JUGER que l'action judiciaire de monsieur [P] et madame [P] épouse [J] est fondée sur la responsabilité contractuelle de droit commun de la société POLYBATIC au visa de l'ancien article 1147 du Code civil.

JUGER que la société AXA FRANCE IARD est l'assureur « Responsabilité Civile Décennale » à l'exclusion de toute autre garantie à la date d'introduction de la présente instance.

JUGER que l'action judiciaire de monsieur [P] et madame [P] épouse [J] est forclose.

Par conséquent,

CONFIRMER le jugement rendu le 15 mai 2018 par le Tribunal de Grande Instance d'AIX-EN-PROVENCE

DEBOUTER monsieur [P] et mademoiselle [P] de l'ensemble de leurs demandes, fins et conclusions dirigées contre la société AXA FRANCE IARD.

A titre subsidiaire,

Si par extraordinaire, la Cour de céans devait retenir la garantie de la société AXA FRANCE

IARD, il conviendrait alors d'infirmer le jugement rendu le 15 mai 2018 par le Tribunal de Grande Instance d'AIX-EN-PROVENCE en ce qu'il a considéré la responsabilité de la société POLYBATIC entière et le confirmer sur le montant des travaux de reprise.

En effet il ressort du rapport d'expertise, que monsieur [P] a contribué à la réalisation du dommage en refusant de communiqué à l'expert judiciaire une partie des pièces techniques de son dossier, à savoir le rapport d'expertise judiciaire établi par Monsieur [S] en 1995, dont le géologue [M] dont les recommandations n'ont pas été suivies était sapiteur.

Dès lors statuant à nouveau,

JUGER que le maître de l'ouvrage est en partie responsable des désordres qu'il a subis et que la responsabilité de la société POLYBATIC ne pourra être supérieure à 50%.

LIMITER le montant des travaux de reprise à la somme de 214.148,40 € TTC.

En tout état de cause,

JUGER que la société AXA FRANCE IARD est recevable et bien fondée à opposer ses franchises contractuelles à son assuré et aux tiers s'agissant des garanties facultatives.

CONDAMNER les époux [P] ou tout succombant à verser à la société AXA France IARD la somme de 5.000 € au visa de l'article 700 du Code de procédure civile,

La SA GAN ASSURANCES (conclusions du 16 avril 2021) sollicite voir :

Vu les articles 480 et 565 du Code de procédure civile,

Vu l'article 1355 du Code civil,

Vu l'article L. 114-1 du Code des assurances,

Dire et juger que les demandes fondées sur l'article 1792 du Code civil sont irrecevables;

Dire et juger qu'en tout état de cause les garanties d'AXA n'étaient pas mobilisables et qu'une condamnation a bien été prononcée à l'encontre de la société POLYBATIC ;

Les consort [P] ont agi à l'encontre de la société POLYBATIC et d'AXA, uniquement sur le fondement de l'article 1147 du Code civil et non sur le fondement de l'article 1792 du Code civil.

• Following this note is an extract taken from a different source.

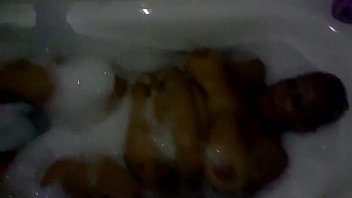 filme pirno c c in the tub 
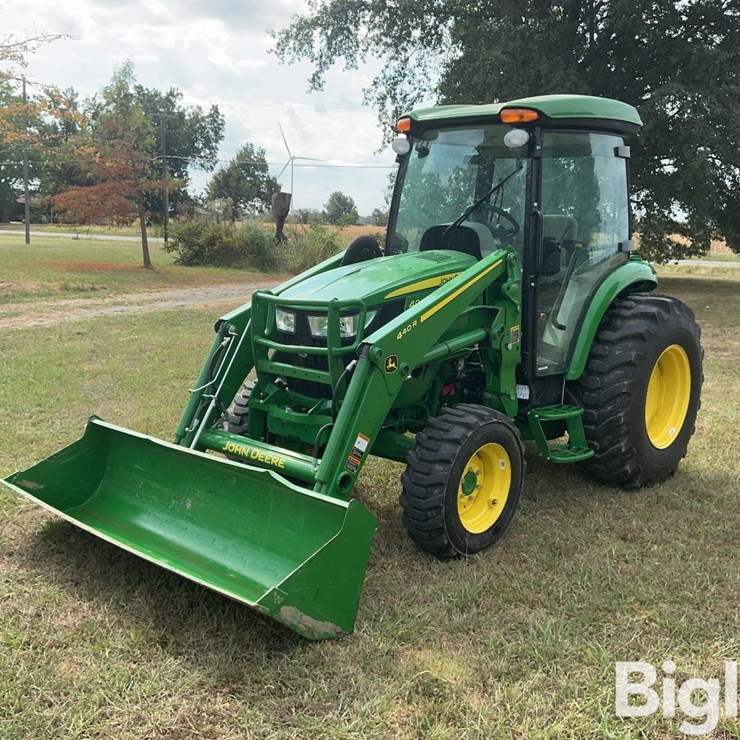 2022 JOHN DEERE 4044R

Dès lors, les demandes fondées sur l'article 1792 du Code civil par les consorts [P] pour la première fois devant la Cour d'appel sont clairement irrecevables à deux titres :

D'une part, puisqu'il s'agit d'une demande nouvelle en appel, irrecevable sur le fondement de l'article 565 du Code de procédure civile ;

D'autre part, en raison de l'existence du principe de concentration des moyens prévu par l'article 480 du Code de procédure civile et par l'article 1355 du Code civil ;

Les consorts [P] ne peuvent donc pas réclamer la condamnation de GAN ASSURANCES « en raison de la prescription de leur action sur le fondement de la garantie décennale » alors qu'ils n'ont pas fondée leur action sur l'article 1792 du Code civil en première instance, et qu'ils sont désormais irrecevables à le faire dans le cadre de la présente procédure d'appel.

En conséquence, dire et juger que les demandes formées à l'encontre de GAN ASSURANCES sont sans objet ;

Rejeter l'ensemble des demandes, fins et conclusions formées à l'encontre de GAN ASSURANCES ;

A titre subsidiaire,

Dire et juger que la prescription biennale est acquise ; (article L114-1 du code des assurances)

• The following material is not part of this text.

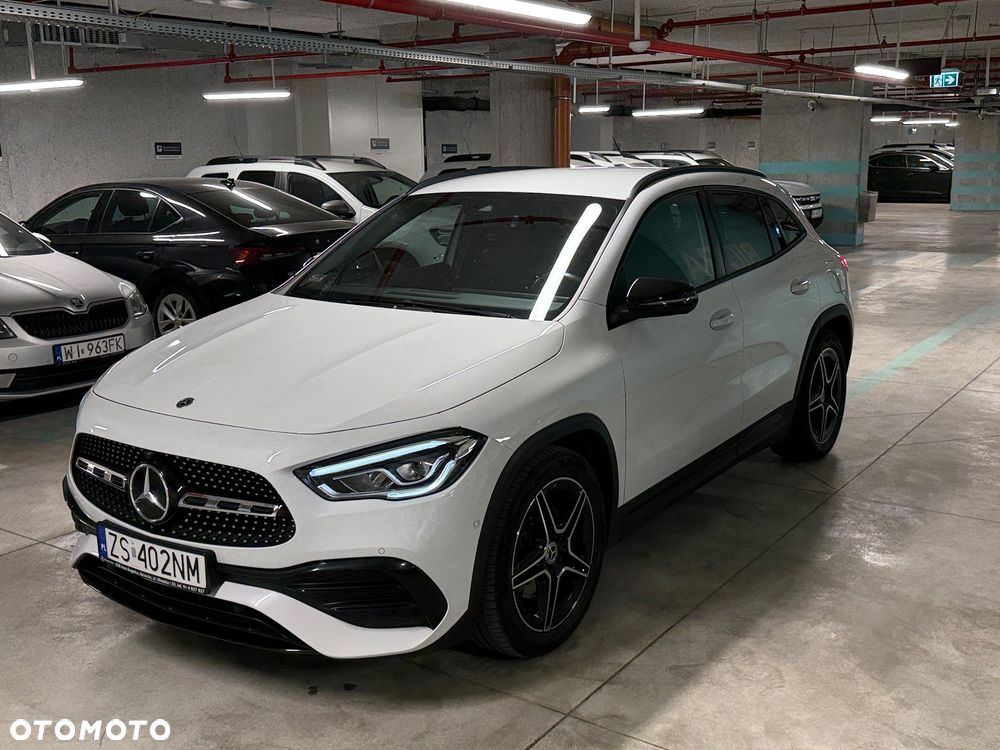 Mercedes-Benz GLA 200 AMG Line - 10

A titre infiniment subsidiaire, s'il était considéré que la prescription biennale n'est pas acquise, les consorts [P] ne rapportent pas la preuve de l'existence d'une faute commise par GAN ASSURANCES.

Il est important de relever que GAN ASSURANCES est uniquement l'assureur Protection juridique de Monsieur [P], et qu'en tant que tel, elle n'a qu'une obligation de moyens et non de résultat. Or, en l'espèce, il ressort des pièces produites par les consorts [P] que GAN ASSURANCES a été particulièrement diligent.

En conséquence :

Dire et juger qu'il n'est démontré l'existence d'aucune faute commise par GAN ASSURANCES ;

Dire et juger qu'il n'est pas fait la démonstration d'une perte de chance ;

Mettre GAN ASSURANCES hors de cause ;

A titre infiniment subsidiaire et si la perte de chance était retenue,

Dire et juger que la perte de chance ne peut être égale au coût de reprise des travaux soit 272.975,56 €

En conséquence,

Ramener le préjudice de jouissance à de plus juste proportions,

En tout état de cause,

Condamner tout succombant à payer à GAN ASSURANCES la somme de 3.000,00 € sur le fondement de l'article 700 du Code de procédure civile, ainsi qu'aux entiers dépens.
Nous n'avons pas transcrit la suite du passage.